Adelaide comes alive with art and culture this weekend as stage shows debut and the Adelaide Cabaret Festival kicks on. Plus, the outback lights up as Opal Festival takes over Coober Pedy.
Opal Festival, Spanish Film Festival and an evening without Kate Bush
Head to the Thebarton Theatre on Saturday, June 17 for a throwback to the ’50s and ’60s as Shake, Rattle ‘n’ Roll hits the stage for its 30th anniversary. Themed around Wolfman Jack’s US radio program by the same name, the performance embraces an era of poodle skirts, bobby socks and brylcreamed hair with a soundtrack to match and even some nostalgic radio and television commercials mixed in. Choreographed by Aric Yegudkin, this high-energy stage show will take the audience back in time with iconic tunes by Elvis, Lesley Gore, and Johnny O’Keefe plus a medley of the most popular songs from the Grease soundtrack.
Head to Coober Pedy and explore the joys of the outback from June 16 to 18 at the Opal Festival. Now in its 34th year, the festival offers a family-friendly weekend of fun with live entertainment, local food and beverages, a market to meander and plenty of games to keep the kids entertained. The celebrations begin with a grand parade of floats and comes to an after-dark conclusion with a stunning display of lasers and fireworks.

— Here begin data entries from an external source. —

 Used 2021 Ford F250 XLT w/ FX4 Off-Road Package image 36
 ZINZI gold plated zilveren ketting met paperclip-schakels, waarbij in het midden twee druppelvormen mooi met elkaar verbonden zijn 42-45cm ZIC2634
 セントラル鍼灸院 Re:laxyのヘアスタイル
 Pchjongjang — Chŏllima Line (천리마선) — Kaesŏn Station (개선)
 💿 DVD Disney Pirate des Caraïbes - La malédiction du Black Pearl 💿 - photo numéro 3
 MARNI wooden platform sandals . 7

An evening without Kate Bush
After a series of sold-out performances around Europe, An Evening Without Kate Bush is making its Australian premiere at the Adelaide Cabaret Festival. Cabaret superstar, Sarah-Louise Young pays homage to Kate Bush in the high-energy performance that takes audiences from the British artist’s debut at the age of 19 to her sold out show at the Hammersmith Apollo almost 40 years later. The one-woman show was created by Sarah-Louise Young alongside London-based artist Russell Lucas to honour Bush’s diverse range and generational influence in a joyous and eccentric tribute. An Evening Without Kate Bush will show at Adelaide Festival Centre’s Space Theatre from June 15 to 17.

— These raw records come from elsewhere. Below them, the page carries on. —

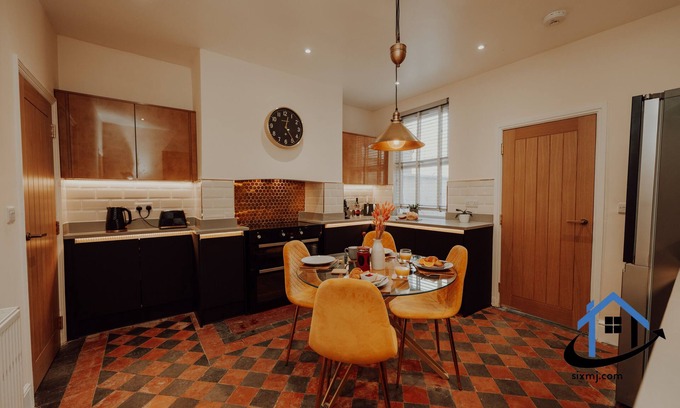 Doncaster House | Rigg House - 2 bedroom 2 bathrooms sleeps 6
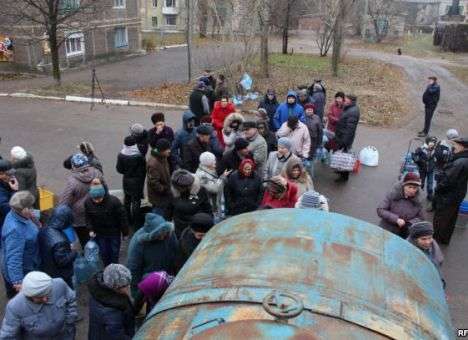 Днепропетровская область отправила в Торецк 40 тысяч литров питьевой воды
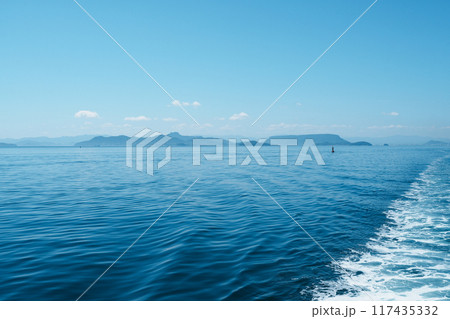 夏の瀬戸内フェリークルーズ（高松～小豆島・土庄） 117435332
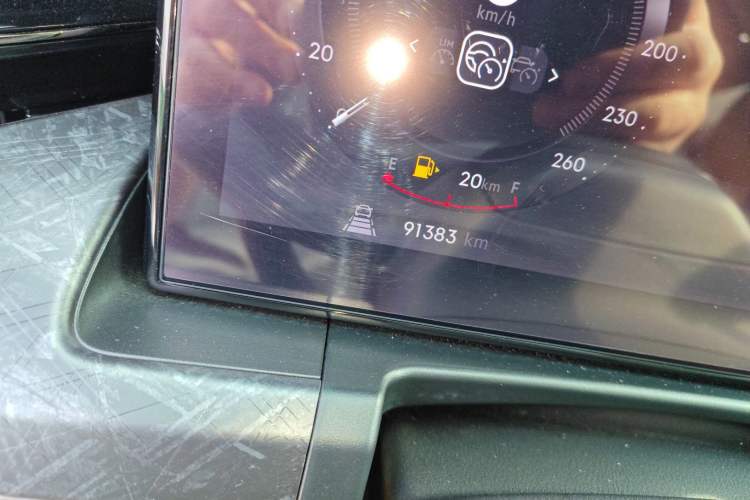 Used Lynk & Co 09 EM-P 2021 2.0T PHEV Halo Seven-Seater Odometer Close Up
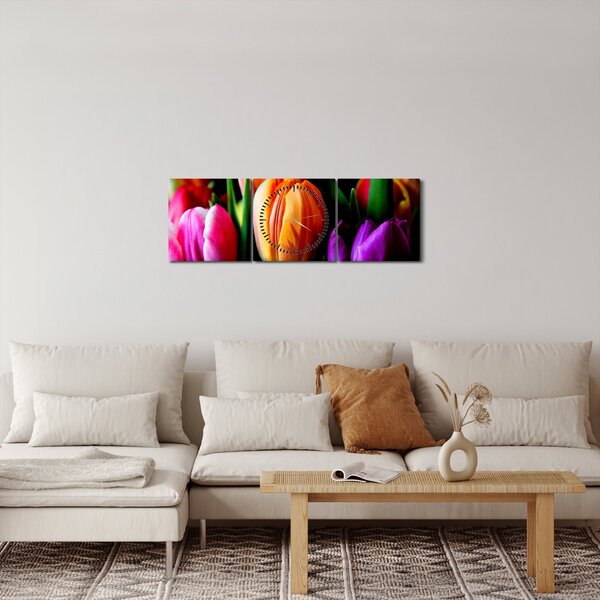 Slika tulipana na crnoj pozadini (sa satom) (90x30 cm)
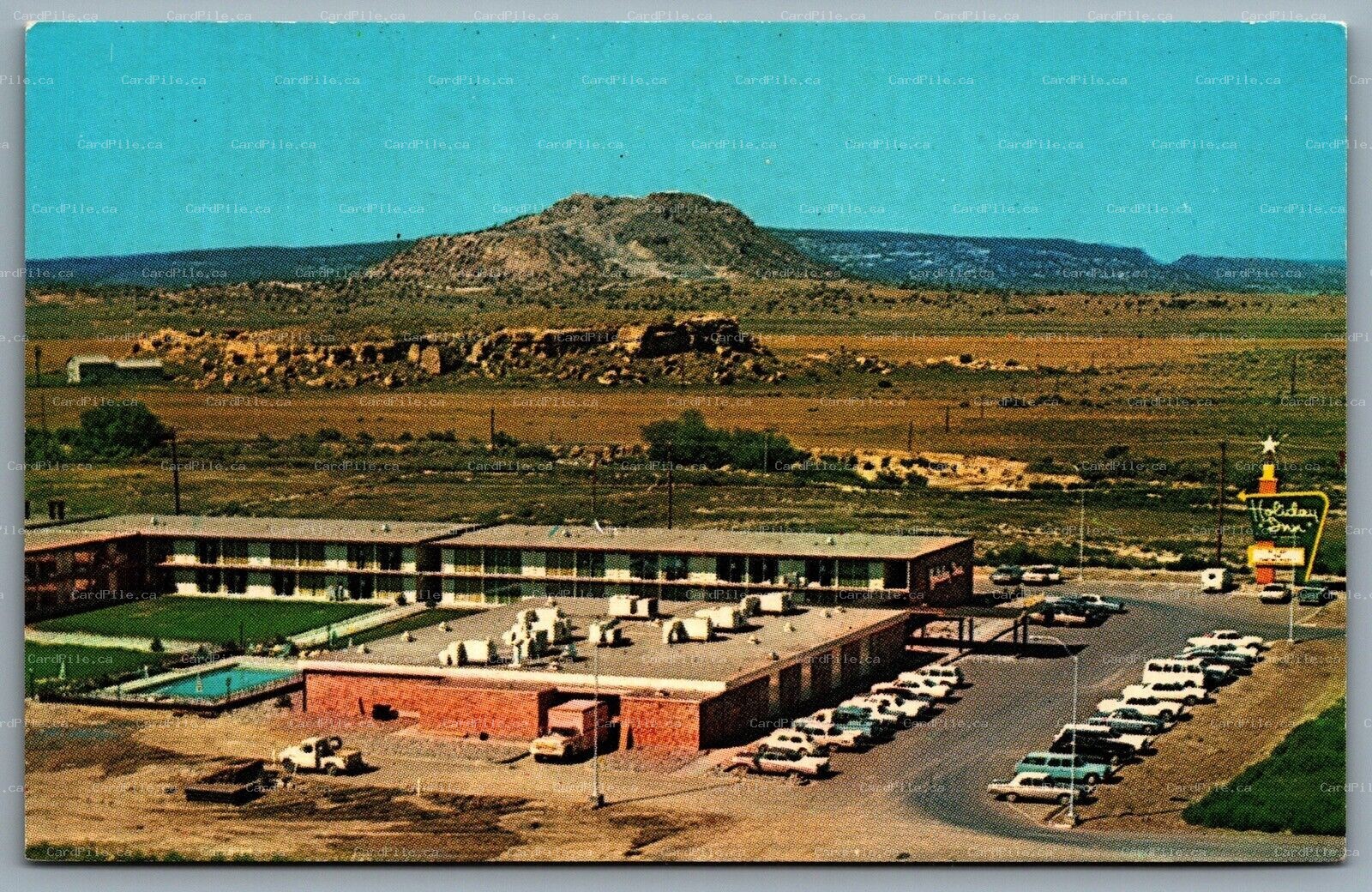 Postcard Gallup NM c1966 Holiday Inn Route 66 Old Cars Pool Birds Eye Unused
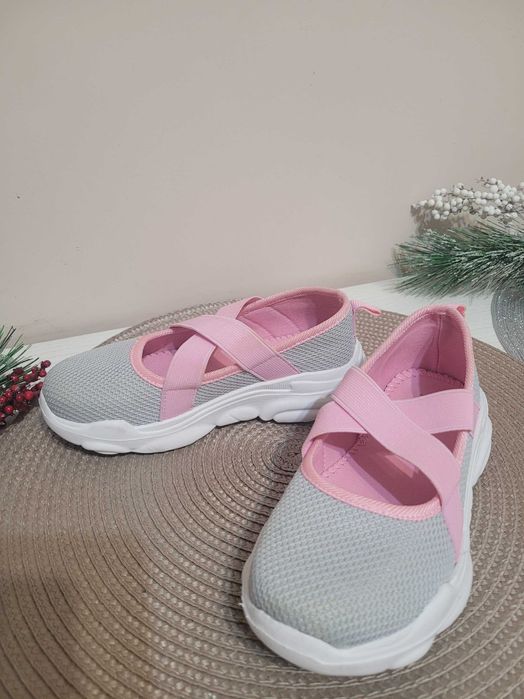 Туфли - красовки на девочку.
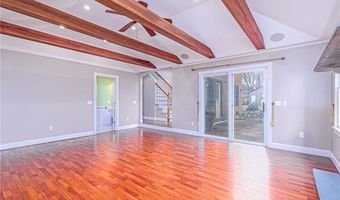 61 Howland Ave, Jamestown, RI 02835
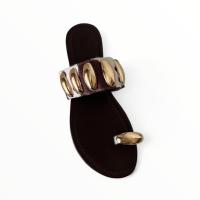 Sandalias mujer vaca animal print cow, detalles dorados y anillo separador, planta del pie plana y acolchada, cómodas y ligeras tendencia 2025 tulipano - details 0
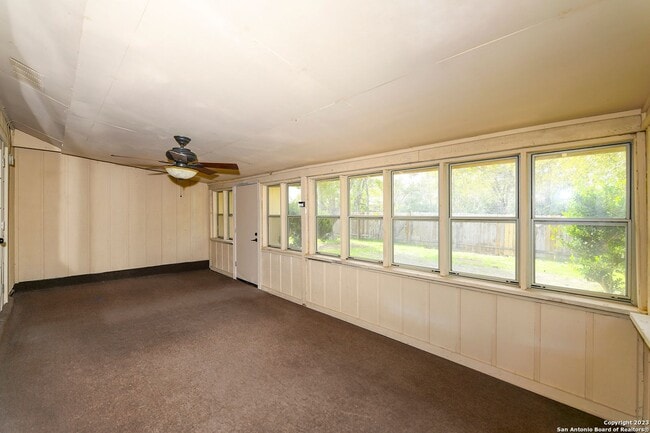 Building Photo - SPACIOUS 4-BEDROOM IN VALLEY FORGE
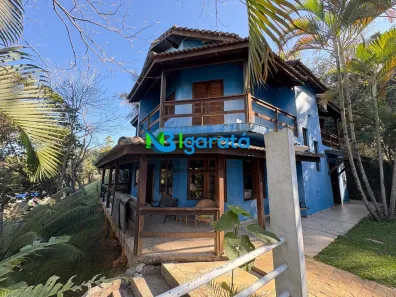 Fazenda/Sítio com 4 Quartos à venda, 270m² no Centro, Igaratá
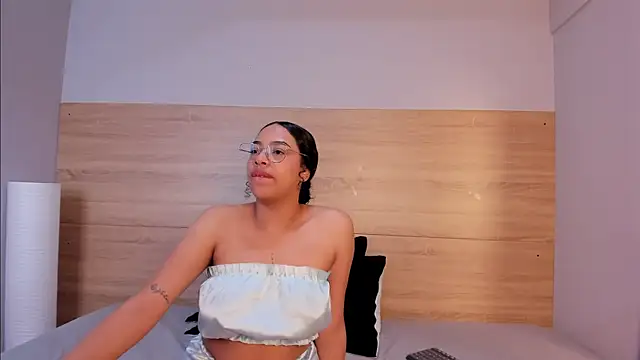 Zara rose   online show from May 13, 5:08 pm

Discover the joys of Spanish cinema as the Spanish Film Festival takes over the Palace Nova East End and Prospect Cinemas until July 5. The festival will open with the Australian premiere of Two Many Chefs, a delicious comedy in the world of high cuisine. Festival highlights include five-time Goya Award-winner Prison 77, a thriller following a young accountant awaiting trial for embezzlement in 1977; the gritty drama and winner of the 2022 San Sebastian Film Festival’s Best Film award, The Kings of the World by Laura Mora; and My Father’s Mexican Wedding, a romantic comedy about two siblings travelling to Mexico to attend the wedding of their father and a woman he met online.
What’s the cost?
Arriving at Norwood’s Odeon Theatre on Friday, June 16 fresh from its world premiere at Belvoir St Theatre in New South Wales, At What Cost? is a gritty and honest drama produced by First Nations Australian artists. The play follows Boyd Everett, a Palawa man and family patriarch played by Luke Carroll, who is walking a tightrope in balancing his responsibilities to Land and People with the simple business of making a living as strangers begin arriving in Putalina claiming Palawa ancestry. At What Cost? is about responsibility to community and who has the right to say who is Aboriginal and who is not.